== Dataset records ==

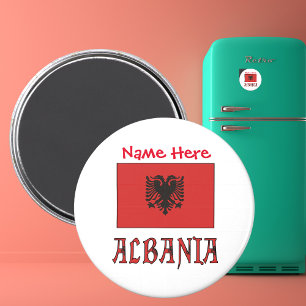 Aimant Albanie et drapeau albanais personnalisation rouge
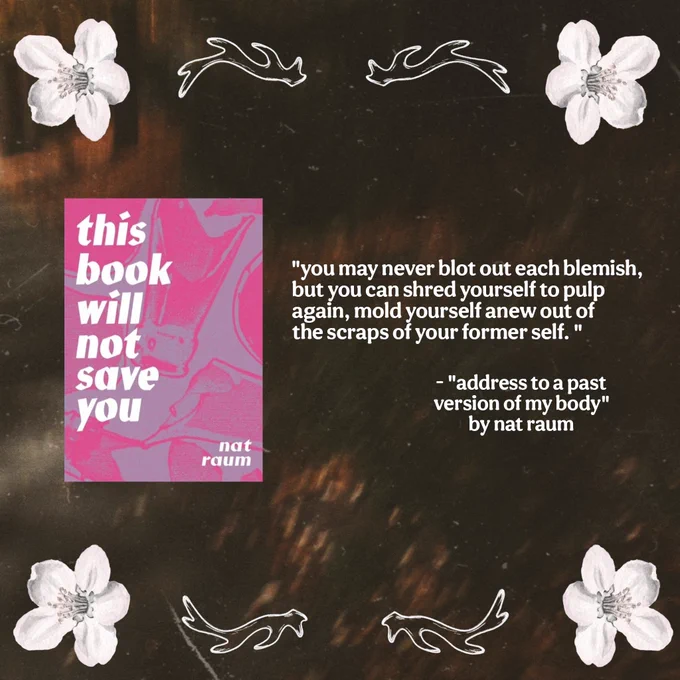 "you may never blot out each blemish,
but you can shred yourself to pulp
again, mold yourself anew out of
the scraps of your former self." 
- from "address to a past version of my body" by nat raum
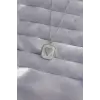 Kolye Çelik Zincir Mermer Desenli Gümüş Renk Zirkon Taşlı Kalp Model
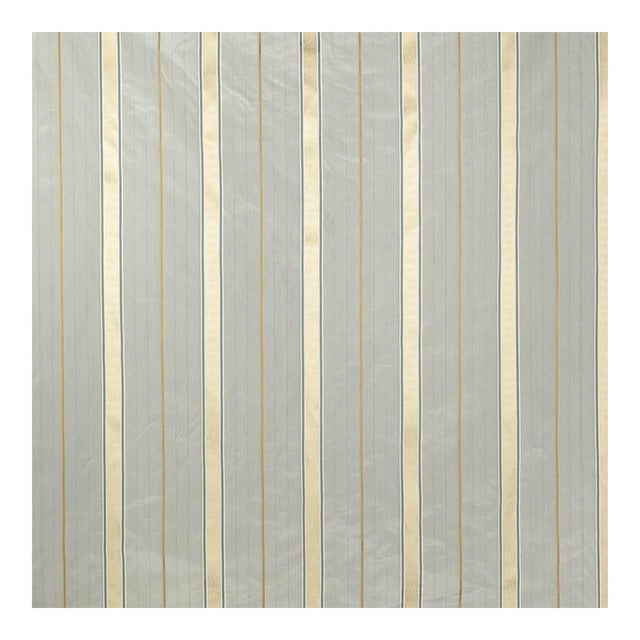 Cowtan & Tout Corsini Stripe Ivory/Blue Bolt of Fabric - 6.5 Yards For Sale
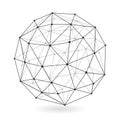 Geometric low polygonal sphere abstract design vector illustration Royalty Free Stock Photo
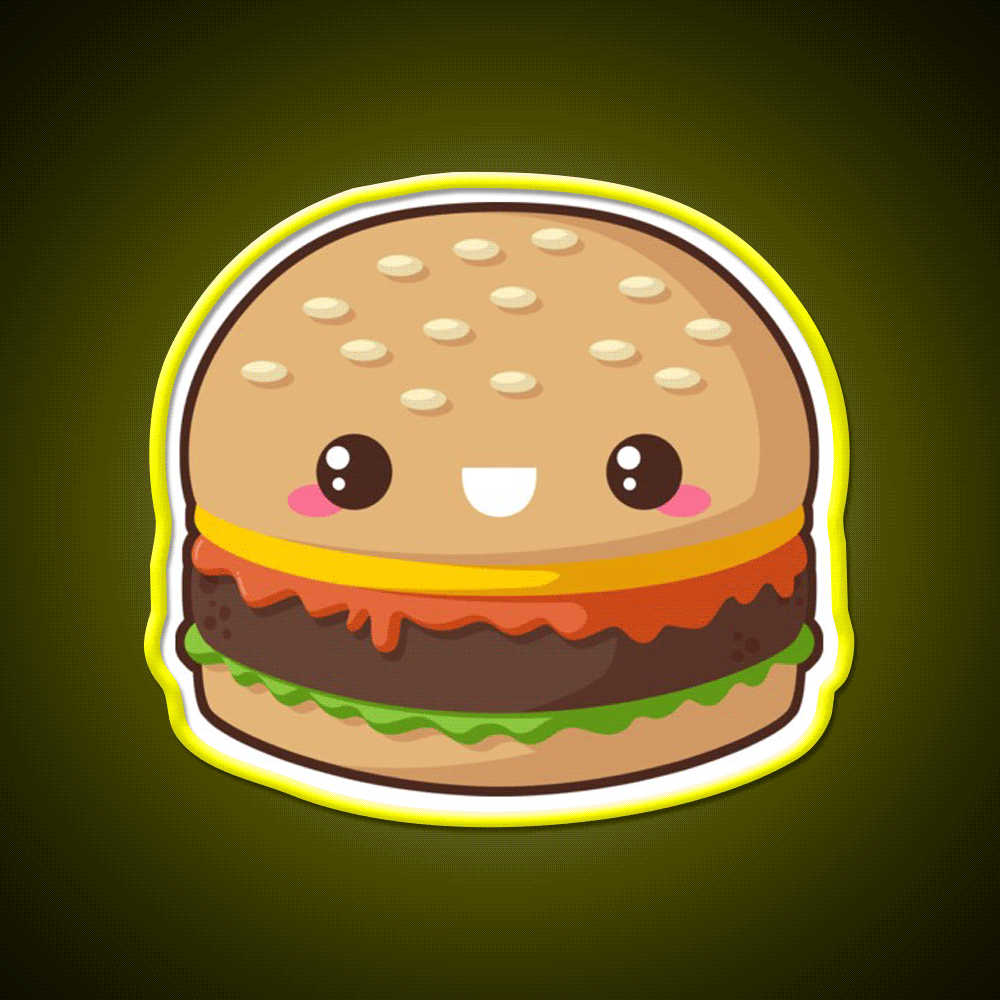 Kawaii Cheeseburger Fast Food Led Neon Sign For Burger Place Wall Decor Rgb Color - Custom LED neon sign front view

--

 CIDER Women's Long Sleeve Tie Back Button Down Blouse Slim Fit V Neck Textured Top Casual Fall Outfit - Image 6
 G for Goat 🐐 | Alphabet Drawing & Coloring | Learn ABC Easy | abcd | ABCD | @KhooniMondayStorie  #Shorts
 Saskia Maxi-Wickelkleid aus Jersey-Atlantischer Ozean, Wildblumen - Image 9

== What you are asked to do ==
Search the listing above for "yourself" and copy every line that has it.

== Answer space ==
but you can shred yourself to pulp
again, mold yourself anew out of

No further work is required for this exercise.